Opinion: Mobile Gaming is Going to be Huge
Tom Herring Monday, 01 February 2010 19:00
I expect that over the next few years we’ll see a bunch of mobile platforms appear. Some of these will stay and quite a few more will die—in the end, I wouldn’t be surprised if we ended up with iPhone, Android and a third player. Obviously, we want our customers to be able to deploy their games to as many platforms as possible—this means that we could be adding support for some that will possibly go away in the end—that’s OK. While platform fragmentation is annoying to us, the ease of targeting multiple platforms is something we’ve always held close to our heart. Maybe we’ll suffer a bit when porting, but at least it’s only us and not all the people that just want to get creative. It’s our unofficial slogan: We suffer, so you don’t have to.
Some of you have probably seen the announcement that we’re going to support NVidia’s Tegra 2 chipset. This is the first of various things we’re ready to announce and also says something about how we see the world: there’s chipsets and OSes (and then there’s the physical devices). We work on supporting a chipset (like SGX/ARM for iPhone) and we work on supporting an OS (Windows, MacOSX, iPhoneOSX). Behind the huge range of mobile devices mentioned above, there’s a somewhat smaller list of stacks: Broadcom, Qualcomm, Apple, NVidia Tegra – with an OS on top: iPhoneOSX, Windows CE, Linux, Android, etc. those are the ones that are real work for us to support—but once we have some more of these, adding new devices shouldn’t be that hard.

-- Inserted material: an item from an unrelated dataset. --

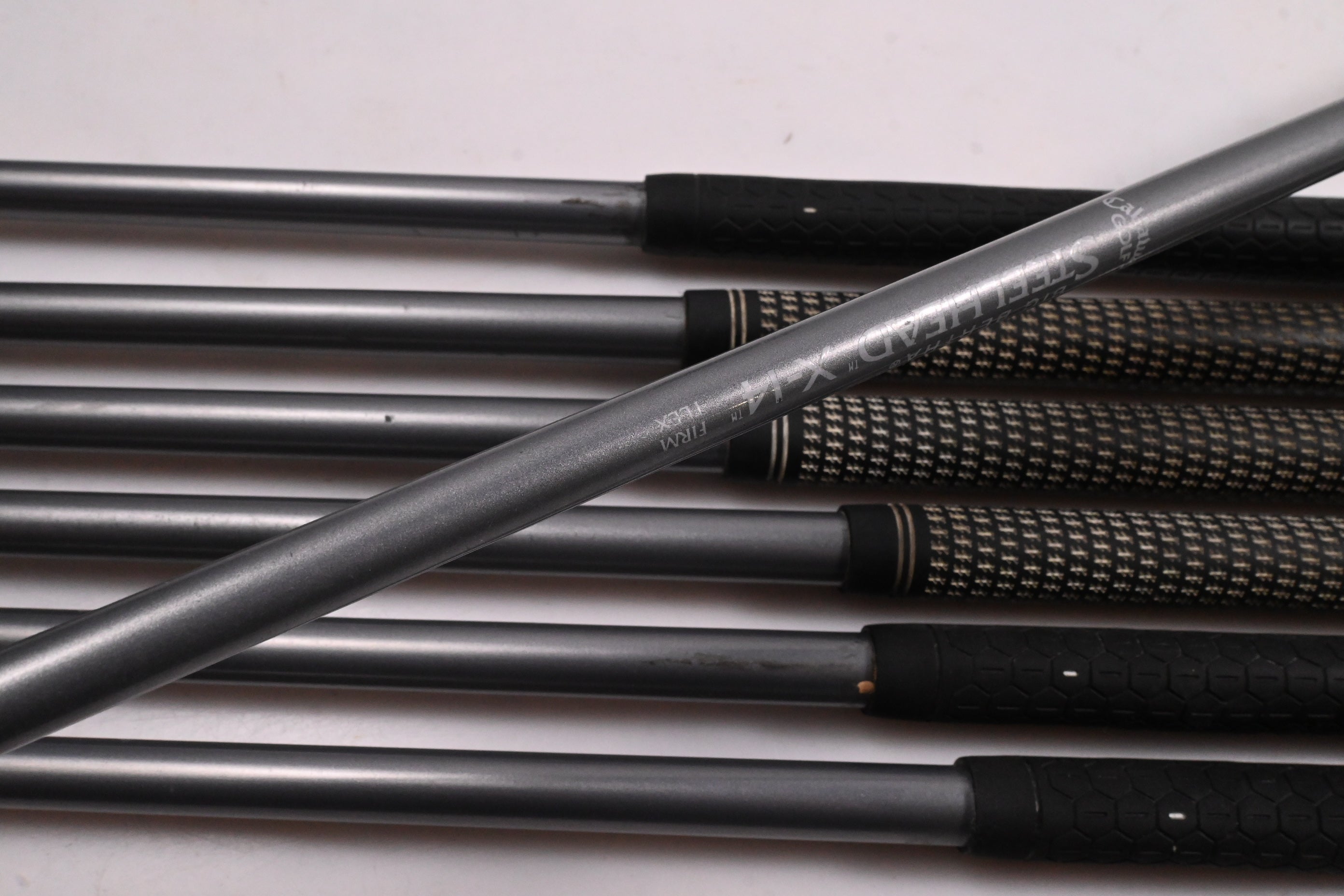 Callaway X-14 Irons / 3-9i / Firm Flex Callaway Steelhead X-14 Shafts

And then there’s the Apple tablet (sure, there’s others—but who really cares?). I expect it to be Mac OS X-based, probably some SGX/ARM chipset – while I know as little as anyone else, I’m basically thinking of an oversized and clocked iPhone 3GS. Supporting it will be some pain, but nothing major (these things are hard to say – half the time on the original iPhone port was spent on one single issue).